PROBLEM:
Exactly the lines from the one containing "TopTie Friseur Schürze" through the end of the data, and nothing more, should be retyped; pictures stay out.

GIVEN INFORMATION:
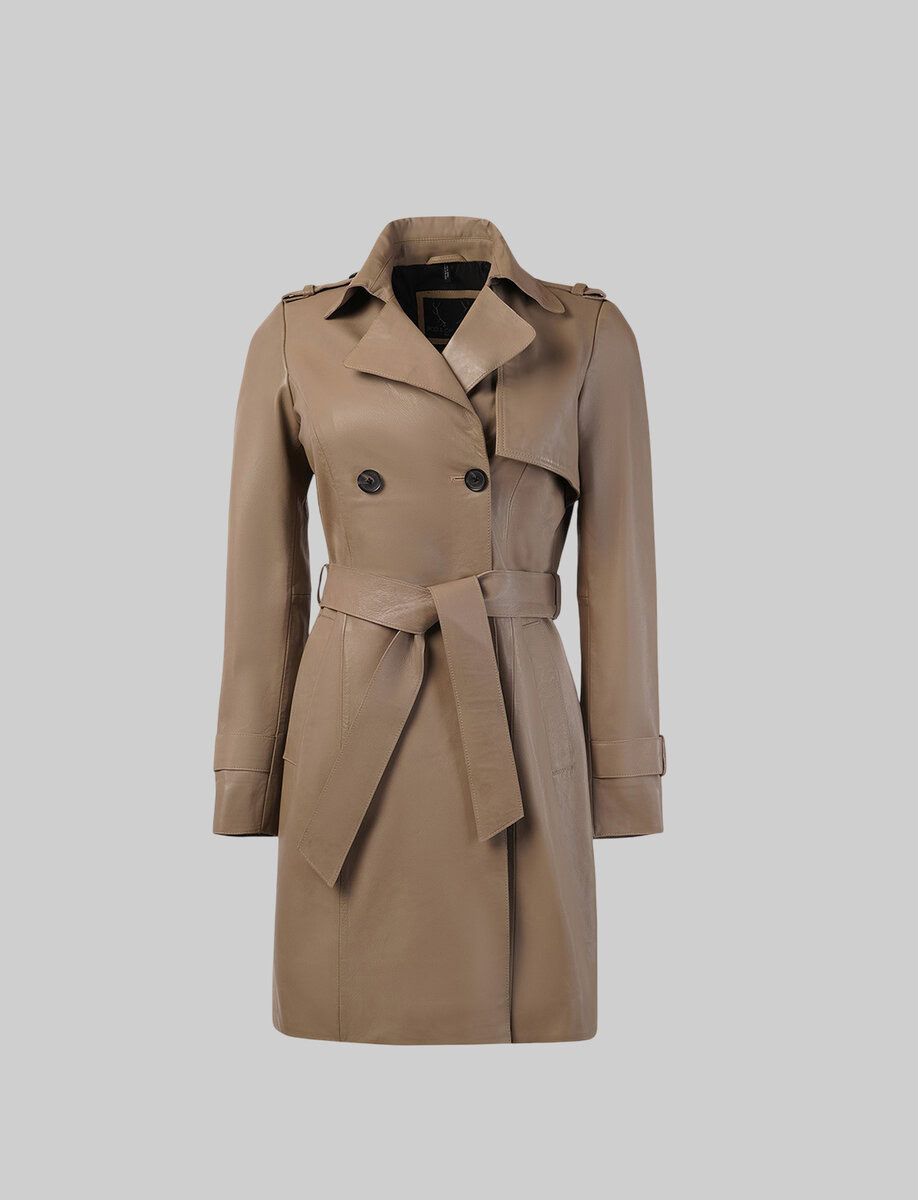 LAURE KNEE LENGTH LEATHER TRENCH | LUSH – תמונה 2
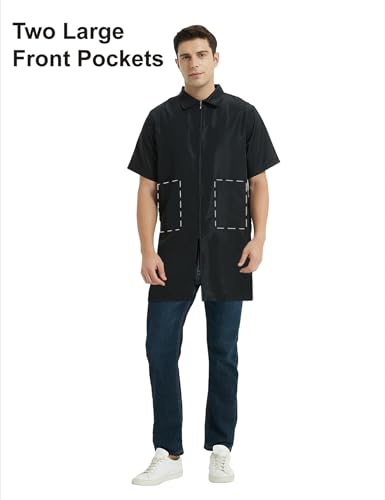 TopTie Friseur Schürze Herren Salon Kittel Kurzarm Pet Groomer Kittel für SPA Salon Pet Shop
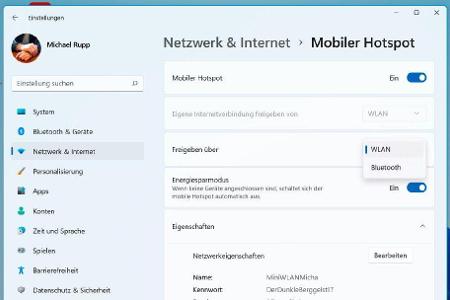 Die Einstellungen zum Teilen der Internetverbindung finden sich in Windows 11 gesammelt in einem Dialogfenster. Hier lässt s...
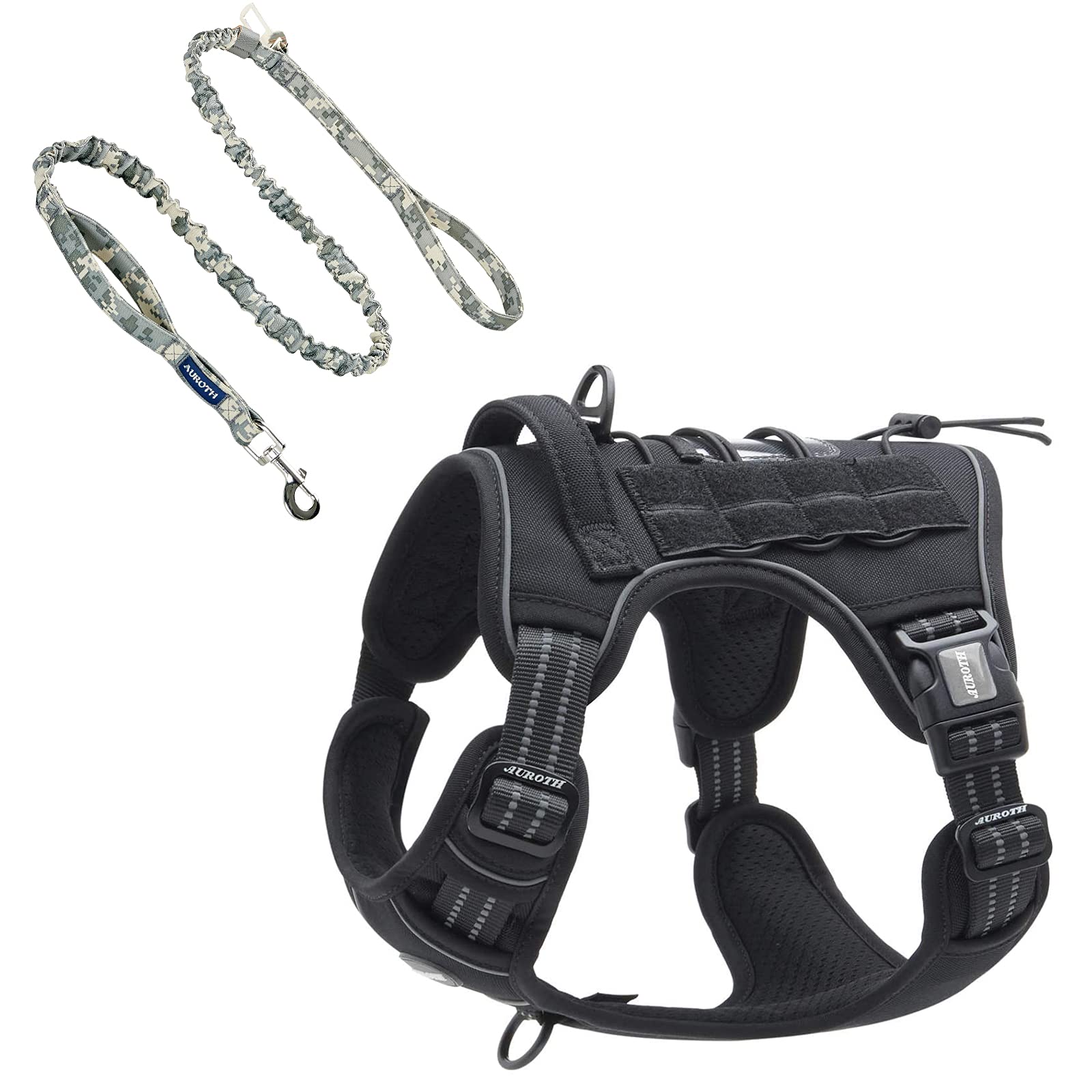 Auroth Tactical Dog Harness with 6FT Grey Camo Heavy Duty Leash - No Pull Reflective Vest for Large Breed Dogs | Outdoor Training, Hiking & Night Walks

YOUR SOLUTION:
 TopTie Friseur Schürze Herren Salon Kittel Kurzarm Pet Groomer Kittel für SPA Salon Pet Shop
 Die Einstellungen zum Teilen der Internetverbindung finden sich in Windows 11 gesammelt in einem Dialogfenster. Hier lässt s...
 Auroth Tactical Dog Harness with 6FT Grey Camo Heavy Duty Leash - No Pull Reflective Vest for Large Breed Dogs | Outdoor Training, Hiking & Night Walks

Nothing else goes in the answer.